### Task statement
For every line below, restate it exactly and drop the images.

### Data block
────────────────────────────────────────

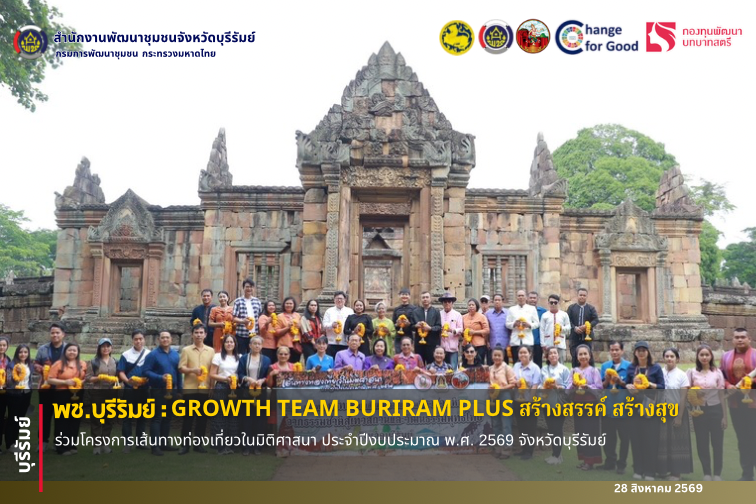 🔆พช.บุรีรัมย์🔆 GROWTH TEAM BURIRAM PLUS สร้างสรรค์ สร้างสุข : ร่วมโครงการเส้นทางท่องเที่ยวในมิติศาสนา ประจำปีงบประมาณ พ.ศ. 2569 จังหวัดบุรีรัมย์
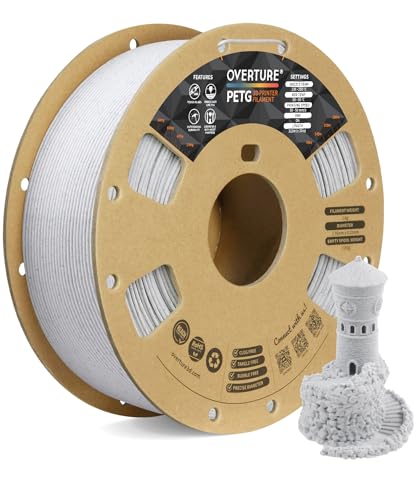 OVERTURE Rock PETG Filament 1.75mm, Marble PETG Roll 1kg Filament (2.2lbs), Dimensional Accuracy Probability +/- 0.02 mm, Fit Most FDM Printers (Rock White)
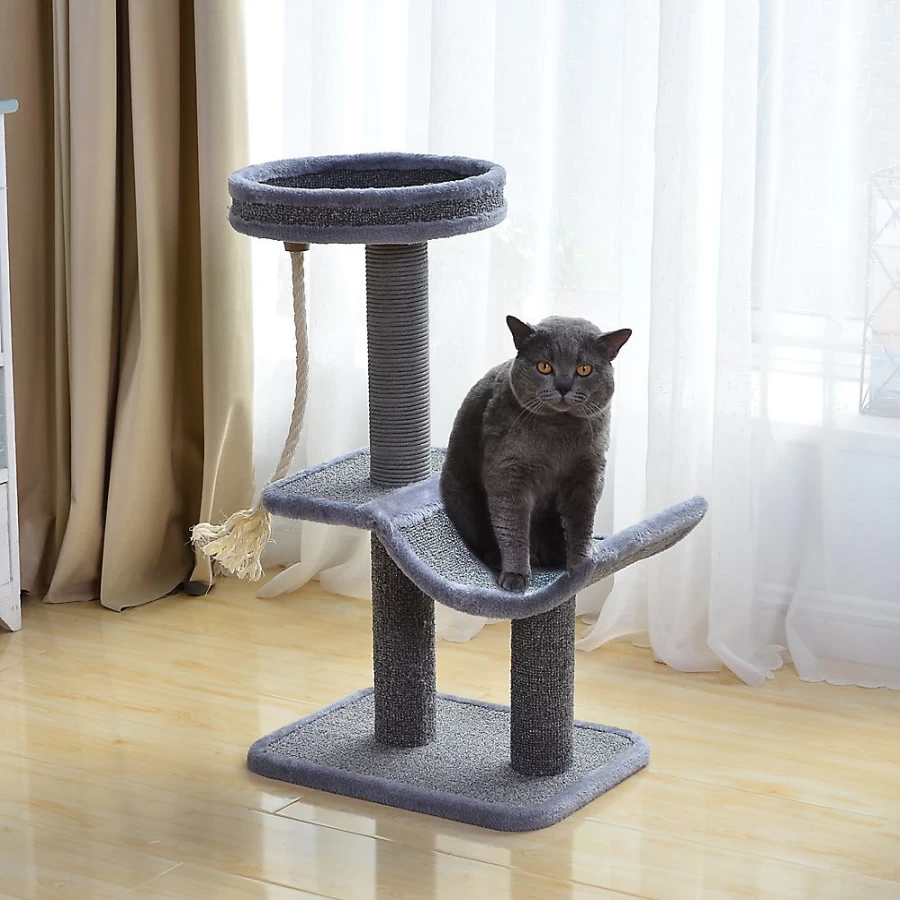 PetSmart Catry 27-Inch Gray Cat Tree with Cradle Bed for Indoor Cats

────────────────────────────────────────

### Task output
 🔆พช.บุรีรัมย์🔆 GROWTH TEAM BURIRAM PLUS สร้างสรรค์ สร้างสุข : ร่วมโครงการเส้นทางท่องเที่ยวในมิติศาสนา ประจำปีงบประมาณ พ.ศ. 2569 จังหวัดบุรีรัมย์
 OVERTURE Rock PETG Filament 1.75mm, Marble PETG Roll 1kg Filament (2.2lbs), Dimensional Accuracy Probability +/- 0.02 mm, Fit Most FDM Printers (Rock White)
 PetSmart Catry 27-Inch Gray Cat Tree with Cradle Bed for Indoor Cats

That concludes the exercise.